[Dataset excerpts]
|---|
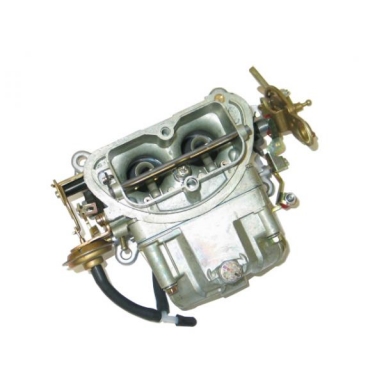 67 CARBURETOR (3660)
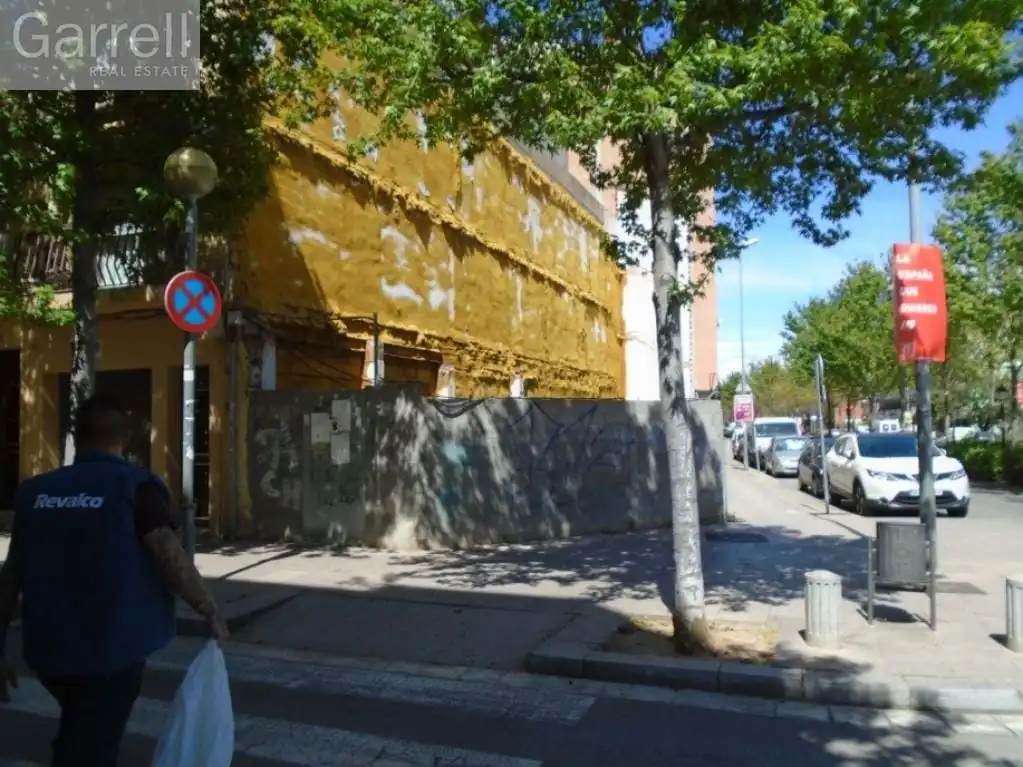 Terreni e lotti in vendita a SABONERIA 
 BARBERA DEL VALLES (BARCELONA), imagen 2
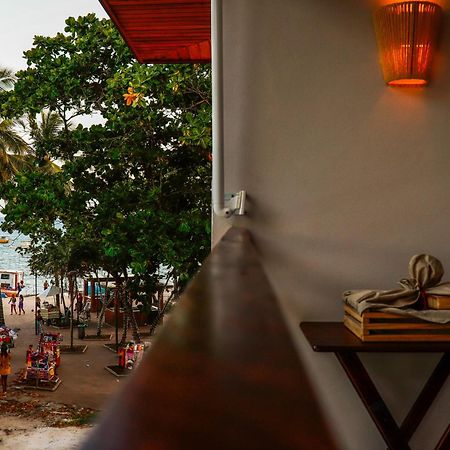 Al Mar Suites Praia do Forte Kültér fotó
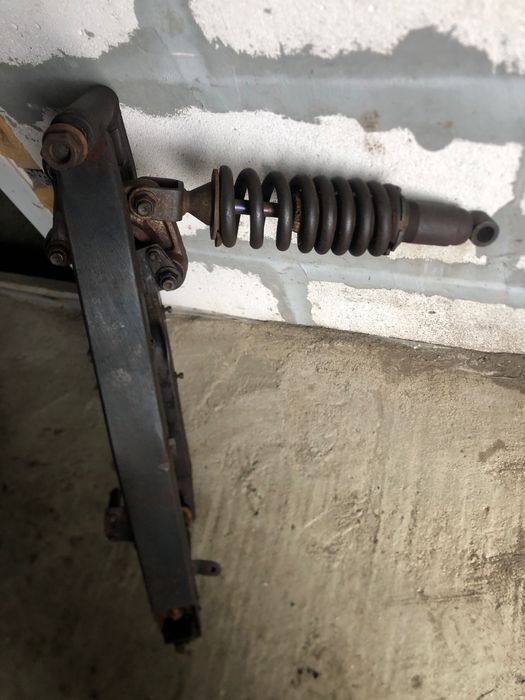 Продам моно амортизатор маятник прогресію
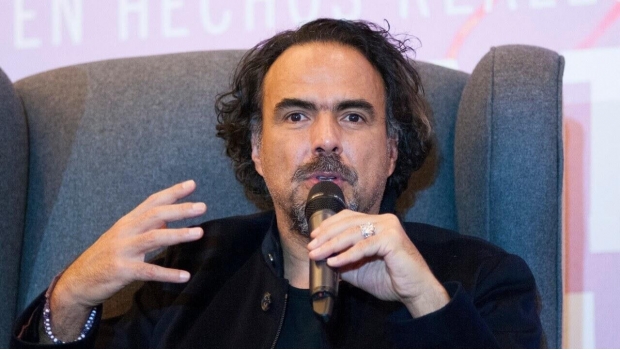 unam iñárritu bárcena Iñárritu y alicia Bárcena recibirán honoris causa por la UNAM.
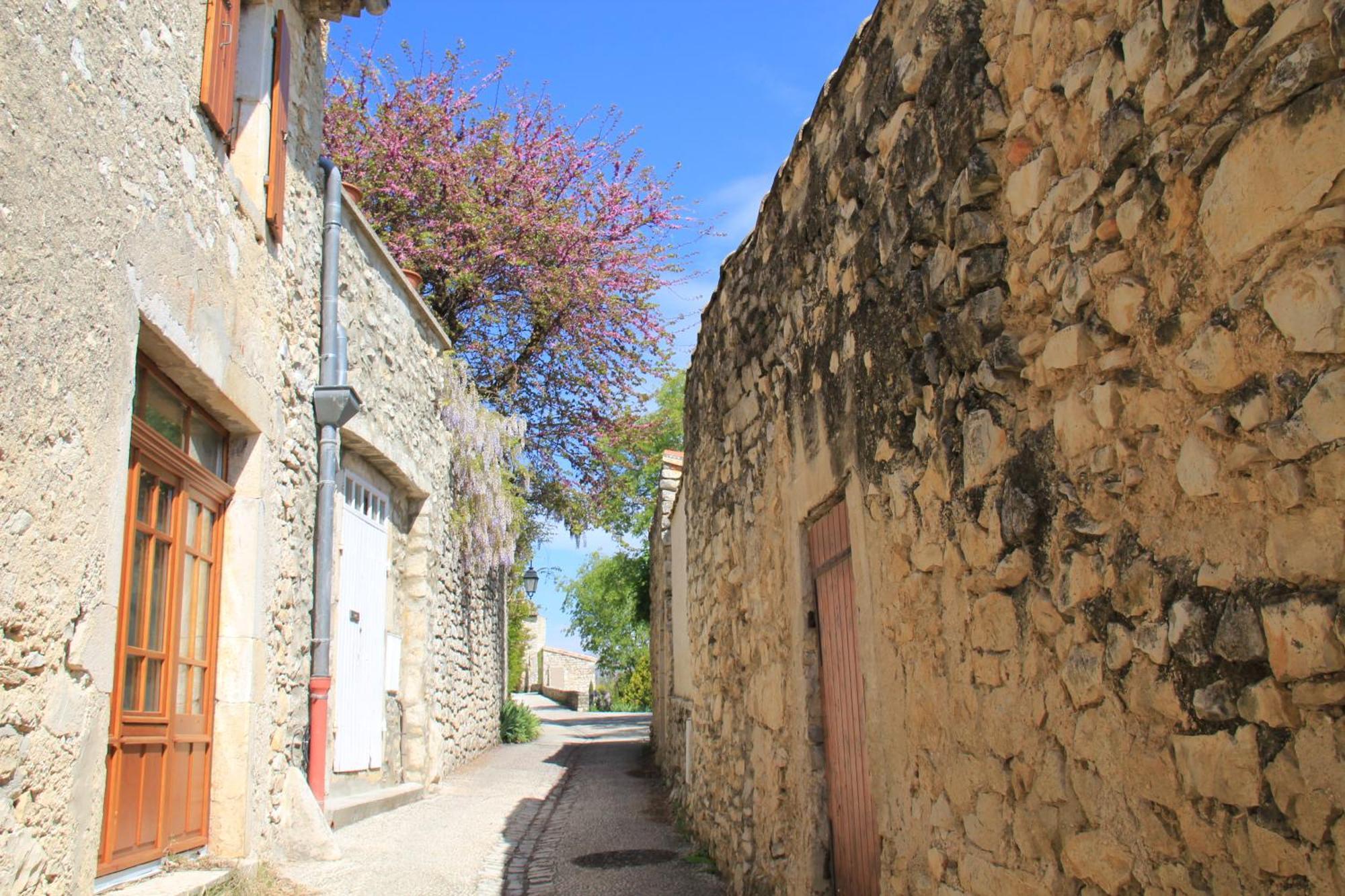 La Colombiere - Vue Imprenable Sur L'Ardeche - Tres Calme - Tres Bien Situe - Residence Privee Montélimar Eksteriør bilde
|---|
### [Work request]
Without the pictures, transcribe exactly the lines above from the one containing "Terreni e lotti in vendita a SABONERIA" through the last.

### [Answer to the exercise]
 Terreni e lotti in vendita a SABONERIA 
 BARBERA DEL VALLES (BARCELONA), imagen 2
 Al Mar Suites Praia do Forte Kültér fotó
 Продам моно амортизатор маятник прогресію
 unam iñárritu bárcena Iñárritu y alicia Bárcena recibirán honoris causa por la UNAM.
 La Colombiere - Vue Imprenable Sur L'Ardeche - Tres Calme - Tres Bien Situe - Residence Privee Montélimar Eksteriør bilde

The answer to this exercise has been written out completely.